Autonomie protéique souhaitée pour la conversion en bio

«  Chez nous, le déclic a été le passage de notre exploitation en bio en 2016 »,  retrace Samuel Retière, éleveur laitier en Gaec à deux associés à Petit-Mars  (65 VL, 400 000 l). « Le coût des achats de matières protéiques en bio nous semblait trop élevé, et il fallait aussi assurer la traçabilité ».  Déjà dans un système très herbager, avec une gestion fine du pâturage et une consommation d’herbe sous forme de foin et d’enrubannage, Samuel Retière et son associé envisagent alors d’atteindre l’autonomie protéique totale grâce au foin séché en grange.

Autonome en 2018, pas ensuite

«  Nous avons réussi à être 100 % autonomes en 2018… Mais depuis deux ans, avec les sécheresses, ce n’est plus possible ». Les éleveurs ont beau avoir mis en place des prairies adaptées, à base de dactyle sur les terres les plus séchantes, et de fétuque, trèfle blanc et ray-gras anglais (2) sur les autres, le compte n’y est pas. « Avec le foin séché en grange, nous avons la qualité, mais pas toujours la quantité ».

Autonomie protéïque : ne pas en faire un « dogme »

« Au départ, nous voulions à « tout prix » l’autonomie protéique. Aujourd’hui, on réfléchit un peu différemment. Nous avons encore des emprunts à rembourser, nous voulons maintenir une bonne production par vache à 7000 l par an, et nous ne voulons pas nous agrandir… Nous n’en faisons plus un dogme. Cette année, nous achetons un peu de bouchons de luzerne, produits localement, c’est un super fourrage, très favorable à la lactation et à la santé des vaches ».  Aujourd’hui, le Gaec estime être à environ 75 % autonome en protéines, et 99 % en énergie. Là non plus, plus de dogme  : cette année, pour compléter le pâturage, les associés ont acheté un peu de maïs grain.

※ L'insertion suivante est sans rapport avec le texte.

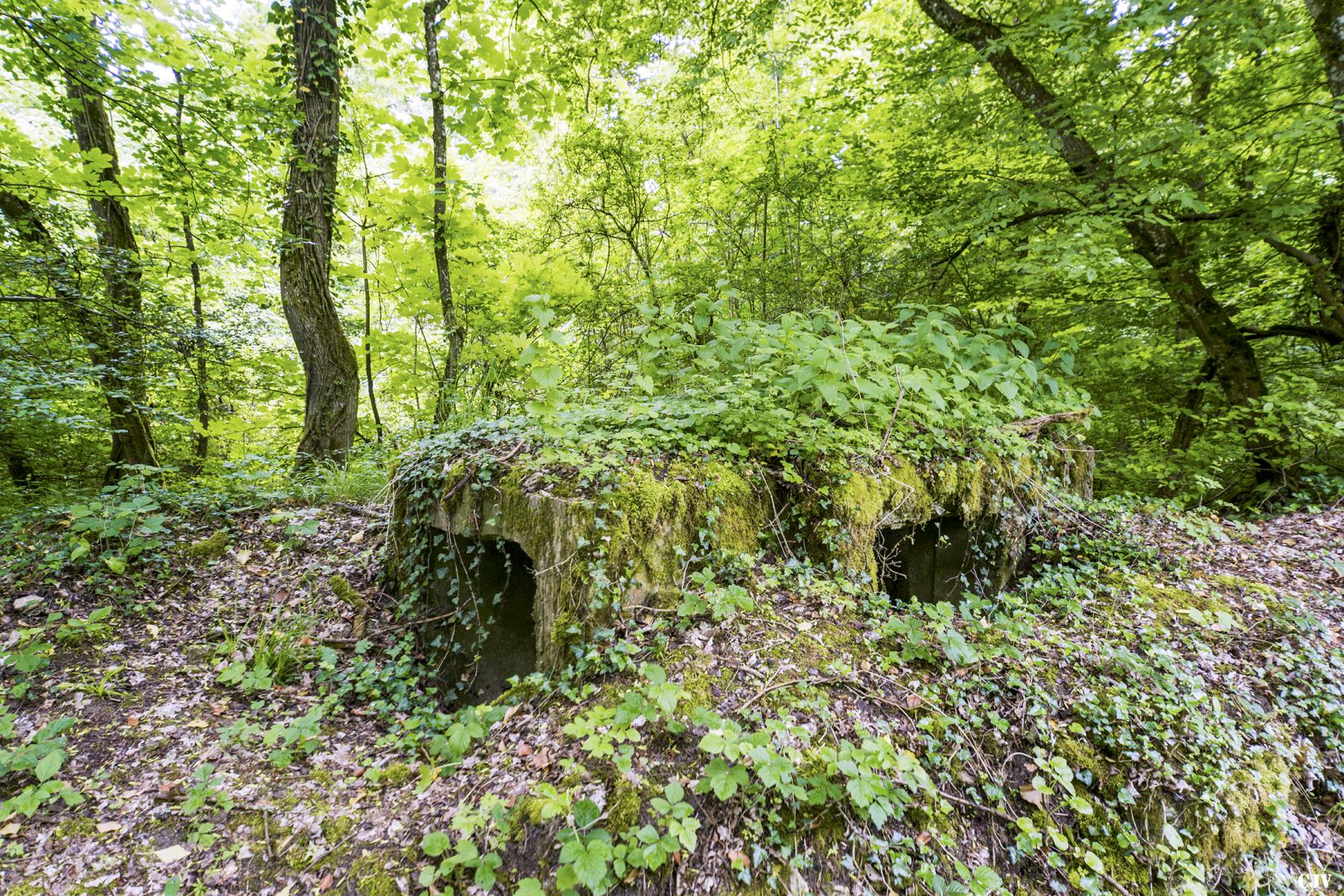 Ligne Maginot - ROUTE DE L'HIMERTEN NORD - (Blockhaus pour arme infanterie) - 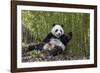 Giant panda sitting, Wolong Nature Reserve, Sichuan, China-Suzi Eszterhas-Framed Photographic Print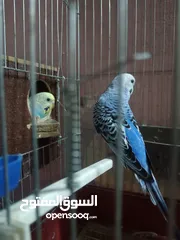  1 اقراء الوصف وصلي على النبي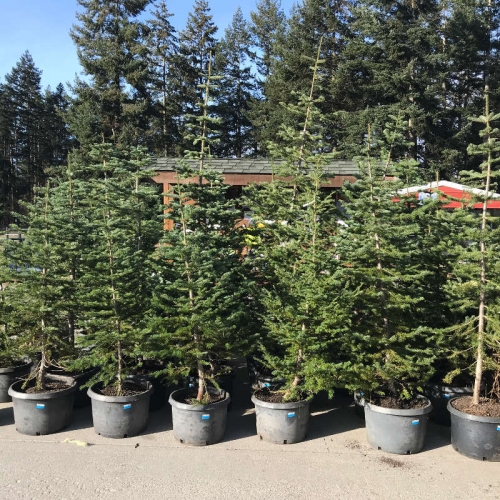Alpine Fir Christmas Trees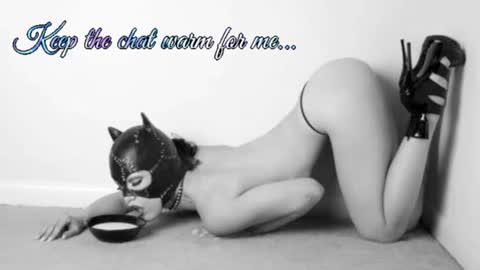 Snapshot of batmansfavoritewife chatting on 5, 7, 2026 Your always sexy Harley online show from 5, 7, 2026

Le séchoir collectif, qui apporte une certaine sécurité fourragère à ses adhérents, sera aussi un atout au moment de la transmission des exploitations : le jeune installé n’aura pas à racheter un outil onéreux, mais seulement des parts sociales… ©Cath.P.

Utiliser l’irrigation au service de l’autonomie de l’élevage

La recherche d’autonomie, à présent sur une base plus globale d’autonomie alimentaire, reste une voie d’amélioration pour le Gaec. La prochaine étape, pour Samuel Retière, serait de pouvoir mettre en place de l’irrigation. « Nous souhaitons sécuriser une production de luzerne.  Nous commençons les études pour faire une réserve hivernale, mais nous ne savons pas si nous pourrons la mettre en place :  l’irrigation a hélas une mauvaise image ».